10.4 Data Analysis

Modern oceanography generates massive datasets. Analysis techniques range from classical statistics to machine learning, combining observations with models to understand ocean processes.

Analysis Techniques

EOF/PCA

Empirical Orthogonal Functions. Extract dominant patterns. ENSO, PDO identified this way.

Spectral Analysis

Fourier transforms. Identify periodicities (tides, seasonal, ENSO). Power spectra.

Wavelet Analysis

Time-frequency analysis. Non-stationary signals.

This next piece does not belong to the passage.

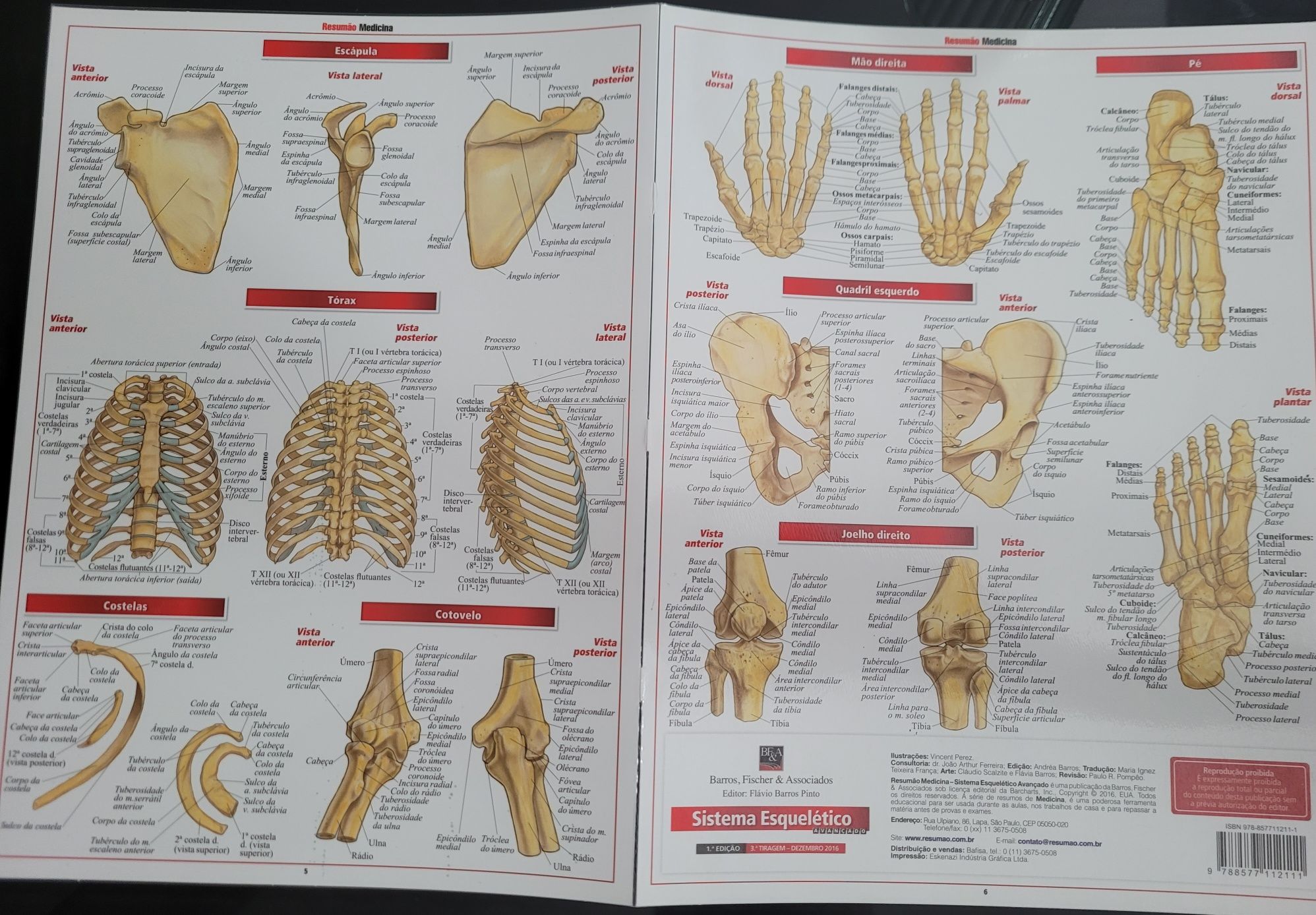 Fichas resumo de Anatomia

El Niño evolution.

Objective Analysis

Optimal interpolation. Grid sparse observations. Account for error covariance.

Data Assimilation

\( \mathbf{x}_a = \mathbf{x}_b + \mathbf{K}(\mathbf{y} - H\mathbf{x}_b) \)

Analysis = Background + Gain × Innovation (observations - model)

3D-Var / 4D-Var

Variational methods. Minimize cost function. Weather centers.

Kalman Filter

Sequential estimation. Ensemble methods. Uncertainty quantification.

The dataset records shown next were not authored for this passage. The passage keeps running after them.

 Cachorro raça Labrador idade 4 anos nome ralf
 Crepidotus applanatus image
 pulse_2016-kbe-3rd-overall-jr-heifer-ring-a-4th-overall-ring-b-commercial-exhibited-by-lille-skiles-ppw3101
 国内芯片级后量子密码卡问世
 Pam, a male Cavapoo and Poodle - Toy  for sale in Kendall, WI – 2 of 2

Machine Learning in Oceanography

Neural Networks

SST prediction. Gap filling. Emulating physics.

Random Forests

Classification. Water mass identification. Ecosystem modeling.

Clustering

K-means, SOM. Identify ocean regimes. Biogeochemical provinces.

Deep Learning

Image analysis (plankton). Super-resolution. Physics-informed NNs.

Python: EOF Analysis

#!/usr/bin/env python3
"""data_analysis.py - EOF analysis example"""
import numpy as np
import matplotlib.pyplot as plt
from scipy import linalg

def eof_analysis(data, n_modes=3):
    """
    Empirical Orthogonal Function analysis
    data: 2D array (time x space)
    """
    # Remove mean
    data_anom = data - data.mean(axis=0)

    # Covariance matrix
    cov = np.cov(data_anom.T)

    # Eigenvalue decomposition
    eigenvalues, eigenvectors = linalg.eigh(cov)

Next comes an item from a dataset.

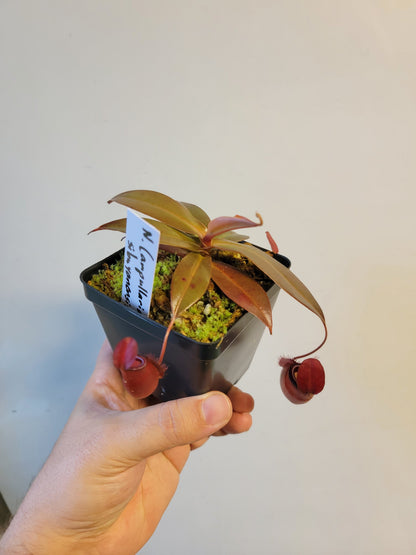 Nepenthes ampullaria x sibuyanensis BE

    # Sort by variance explained (descending)
    idx = np.argsort(eigenvalues)[::-1]
    eigenvalues = eigenvalues[idx]
    eigenvectors = eigenvectors[:, idx]

    # Variance explained
    variance_explained = eigenvalues / eigenvalues.sum() * 100

    # Principal components (time series)
    pcs = data_anom @ eigenvectors

    return eigenvectors[:, :n_modes], pcs[:, :n_modes], variance_explained[:n_modes]

# Create synthetic SST data with ENSO-like pattern
np.random.seed(42)
nt, nx = 200, 50  # time, space
t = np.arange(nt)
x = np.arange(nx)

# Mode 1: ENSO-like (3-year period)
mode1_spatial = np.sin(np.pi * x / nx)
mode1_temporal = np.sin(2 * np.pi * t / 36) + 0.3 * np.random.randn(nt)

# Mode 2: Annual cycle
mode2_spatial = np.cos(2 * np.pi * x / nx)
mode2_temporal = np.sin(2 * np.pi * t / 12)

# Combine
data = np.outer(mode1_temporal, mode1_spatial) * 2 + \
       np.outer(mode2_temporal, mode2_spatial) + \
       0.5 * np.random.randn(nt, nx)

# EOF analysis
eofs, pcs, variance = eof_analysis(data)

fig, axes = plt.subplots(2, 2, figsize=(12, 8))

axes[0, 0].plot(x, eofs[:, 0], 'b-', lw=2)
axes[0, 0].set_title(f'EOF1 ({variance[0]:.1f}%)')
axes[0, 0].set_xlabel('Space'); axes[0, 0].set_ylabel('Amplitude')

axes[0, 1].plot(t, pcs[:, 0], 'b-', lw=1)
axes[0, 1].set_title('PC1'); axes[0, 1].set_xlabel('Time')

axes[1, 0].plot(x, eofs[:, 1], 'r-', lw=2)
axes[1, 0].set_title(f'EOF2 ({variance[1]:.1f}%)')

axes[1, 1].plot(t, pcs[:, 1], 'r-', lw=1)
axes[1, 1].set_title('PC2')

plt.tight_layout()